Between the line containing "Autre Marque Bracciale" and the line containing "6 Dresser Drawers" lies a run of lines; give that run again exactly, with both of those lines, and nothing else from the entries below.
━━━━━ Records provided
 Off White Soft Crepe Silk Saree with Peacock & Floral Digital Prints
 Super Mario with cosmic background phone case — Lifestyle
━━━━━━━━━━
━━━━━ Records provided
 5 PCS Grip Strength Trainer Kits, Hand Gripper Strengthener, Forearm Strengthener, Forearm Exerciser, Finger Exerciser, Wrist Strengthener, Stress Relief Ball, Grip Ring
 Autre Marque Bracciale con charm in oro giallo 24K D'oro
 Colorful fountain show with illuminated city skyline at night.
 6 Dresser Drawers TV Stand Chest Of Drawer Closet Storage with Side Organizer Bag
━━━━━━━━━━
** Response **
 Autre Marque Bracciale con charm in oro giallo 24K D'oro
 Colorful fountain show with illuminated city skyline at night.
 6 Dresser Drawers TV Stand Chest Of Drawer Closet Storage with Side Organizer Bag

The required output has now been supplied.